Quelles garanties avons-nous que l’islam de France serait différent ? Qu’il respecte vraiment nos droits, et n’essaierait pas de nous en priver s’il estimait en avoir le pouvoir ? Jusqu’ici, son influence semble plutôt tournée vers la défense d’intérêts strictement communautaristes et le refus de toute critique, ce qui augure plutôt mal de sa fiabilité. Ses instances officielles, en tout cas, ne sont très clairement pas des partenaires dignes de confiance, entre le CFCM qui refuse la liberté de conscience et la Grande Mosquée de Paris qui, dès 1996, voulait empêcher Salman Rushdie de venir en France et diffuse des propos foncièrement hostiles à toutes les autres religions.
Je comprends que nos concitoyens musulmans en aient assez de devoir sans cesse se justifier. Mais nous n’y sommes pour rien si la monstruosité a aujourd’hui « pris le masque de l’islam et pas un autre masque », comme l’écrit Abdennour Bidar. S’ils veulent collectivement établir des relations saines avec le reste de la communauté nationale, ils doivent nous prouver qu’ils sont différents de tant de leurs coreligionnaires dans le reste du monde. Car, pour paraphraser Pascal Bruckner, ce n’est pas au nom de Jésus, Vishnou, Yahvé, Bouddha, Zeus ou Amaterasu que l’on cherche aujourd’hui à détruire notre civilisation ou à nous priver de nos libertés.
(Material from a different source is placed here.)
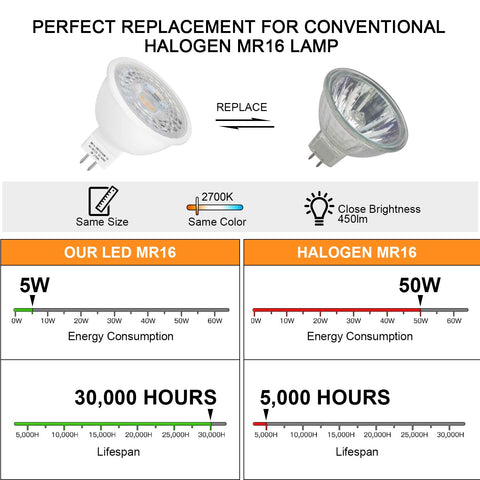 Mlambert MR16 LED bulb at 2700K warm white enhancing garden ambiance.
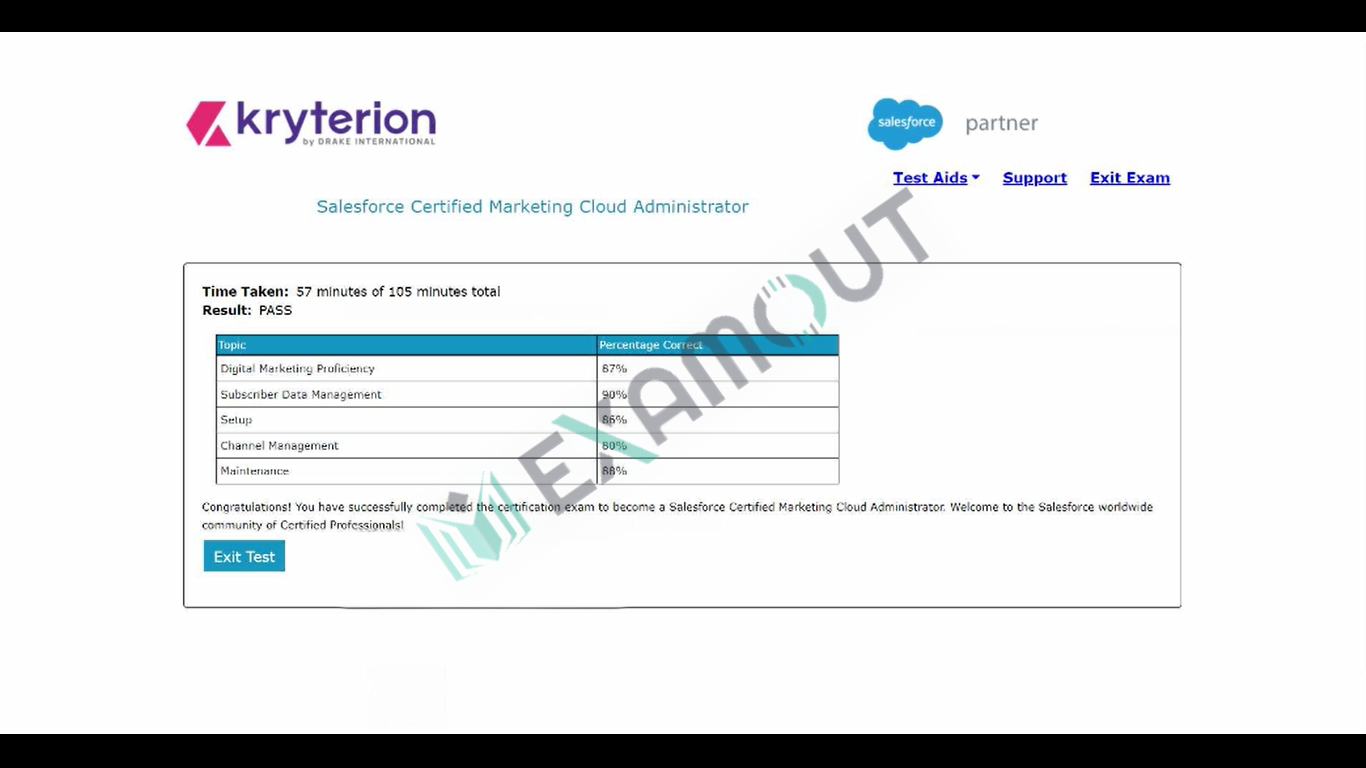 Marketers Marketing-Cloud-Administrator passing exam report 1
Les musulmans de France ne peuvent plus se taire
Les musulmans de France ne peuvent plus se contenter de protester de leurs bonnes intentions, si sincères soient-elles. Ils doivent s’engager activement, assumer de prendre clairement parti, en militant pour que soient accordés aux non-musulmans vivant dans des pays musulmans les mêmes droits que ceux dont les musulmans souhaitent bénéficier dans les pays non-musulmans.
Ils trouvent normal qu’un non-musulman puisse librement se convertir à l’islam ? Qu’ils réclament qu’un musulman puisse sans crainte se convertir à une autre religion ou à l’athéisme, du Maroc au Pakistan.
Ils veulent construire plus de mosquées en France ? Qu’ils demandent avec force à l’Arabie saoudite de donner aux non-musulmans vivant sur son territoire le droit d’avoir des lieux de culte.
Ils veulent pouvoir enseigner l’islam ? Qu’ils acceptent qu’on le critique comme n’importe quelle autre croyance, qu’ils agissent pour mettre fin aux lois réprimant le blasphème.
Ils pensent être victimes de discriminations ? Qu’ils obtiennent dans les pays musulmans l’égalité de tous pour le recrutement dans la fonction publique et l’accession aux postes à responsabilités.
Vivre-ensemble ?
D’ores et déjà, en France et ailleurs, des musulmans œuvrent dans ce sens. Et la plupart le font sans espérer la moindre contrepartie de notre part, uniquement par conviction et par humanité. Mais ils ne sont pas au pouvoir, et même en France semblent minoritaires.
Pourtant, il n’y a pas d’autre solution. L’islam doit impérativement, partout où il est dominant, accorder aux autres les droits qu’il veut que les autres lui accordent là où il est minoritaire. L’islam de France doit y travailler activement, c’est l’une des principales conditions de sa crédibilité. Faute de quoi, il sera toujours suspecté de taqîya, soupçonné de vouloir instrumentaliser le vivre-ensemble pour asseoir sa domination mais de vouloir, une fois doté de suffisamment d’influence, mettre fin au pluralisme, à la diversité, et à l’égalité.
La défense de l’égalité des droits entre hommes et femmes, de la mixité, et de la liberté des femmes y compris dans les pays musulmans est une autre condition, mais c’est aussi un autre sujet.